[Opening Source data section]

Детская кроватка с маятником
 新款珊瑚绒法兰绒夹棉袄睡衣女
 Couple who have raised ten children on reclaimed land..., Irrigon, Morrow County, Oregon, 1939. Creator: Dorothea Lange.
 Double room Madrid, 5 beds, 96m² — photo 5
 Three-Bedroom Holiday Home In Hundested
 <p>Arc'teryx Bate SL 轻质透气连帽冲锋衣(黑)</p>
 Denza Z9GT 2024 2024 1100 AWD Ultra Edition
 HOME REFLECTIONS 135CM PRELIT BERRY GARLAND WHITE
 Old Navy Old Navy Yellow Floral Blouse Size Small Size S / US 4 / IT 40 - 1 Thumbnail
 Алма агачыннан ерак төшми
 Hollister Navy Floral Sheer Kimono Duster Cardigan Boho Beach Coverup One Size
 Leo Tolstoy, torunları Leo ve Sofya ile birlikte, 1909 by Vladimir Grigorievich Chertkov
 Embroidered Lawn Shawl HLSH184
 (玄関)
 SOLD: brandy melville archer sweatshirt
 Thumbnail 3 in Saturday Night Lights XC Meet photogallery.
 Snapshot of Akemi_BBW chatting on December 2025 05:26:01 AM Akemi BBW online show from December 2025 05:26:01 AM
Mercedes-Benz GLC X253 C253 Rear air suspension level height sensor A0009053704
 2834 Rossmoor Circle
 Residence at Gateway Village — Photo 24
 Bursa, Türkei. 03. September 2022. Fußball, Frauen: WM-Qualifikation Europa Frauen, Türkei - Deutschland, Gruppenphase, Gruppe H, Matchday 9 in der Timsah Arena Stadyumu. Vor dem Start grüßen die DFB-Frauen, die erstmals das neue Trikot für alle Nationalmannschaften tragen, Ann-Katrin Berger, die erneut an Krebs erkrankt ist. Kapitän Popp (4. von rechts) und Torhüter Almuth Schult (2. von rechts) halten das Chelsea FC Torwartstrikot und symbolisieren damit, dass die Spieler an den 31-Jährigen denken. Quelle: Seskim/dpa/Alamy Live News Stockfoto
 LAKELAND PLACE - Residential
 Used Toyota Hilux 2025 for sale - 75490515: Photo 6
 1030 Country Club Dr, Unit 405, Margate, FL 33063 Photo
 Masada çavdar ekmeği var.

[Closing Source data section]

- [Required action]: All lines from the beginning of the entries through the line marked "Residence at Gateway Village — Photo 24" are to be output exactly; nothing else belongs in the answer.

- [Output of the task]:
Детская кроватка с маятником
 新款珊瑚绒法兰绒夹棉袄睡衣女
 Couple who have raised ten children on reclaimed land..., Irrigon, Morrow County, Oregon, 1939. Creator: Dorothea Lange.
 Double room Madrid, 5 beds, 96m² — photo 5
 Three-Bedroom Holiday Home In Hundested
 <p>Arc'teryx Bate SL 轻质透气连帽冲锋衣(黑)</p>
 Denza Z9GT 2024 2024 1100 AWD Ultra Edition
 HOME REFLECTIONS 135CM PRELIT BERRY GARLAND WHITE
 Old Navy Old Navy Yellow Floral Blouse Size Small Size S / US 4 / IT 40 - 1 Thumbnail
 Алма агачыннан ерак төшми
 Hollister Navy Floral Sheer Kimono Duster Cardigan Boho Beach Coverup One Size
 Leo Tolstoy, torunları Leo ve Sofya ile birlikte, 1909 by Vladimir Grigorievich Chertkov
 Embroidered Lawn Shawl HLSH184
 (玄関)
 SOLD: brandy melville archer sweatshirt
 Thumbnail 3 in Saturday Night Lights XC Meet photogallery.
 Snapshot of Akemi_BBW chatting on December 2025 05:26:01 AM Akemi BBW online show from December 2025 05:26:01 AM
Mercedes-Benz GLC X253 C253 Rear air suspension level height sensor A0009053704
 2834 Rossmoor Circle
 Residence at Gateway Village — Photo 24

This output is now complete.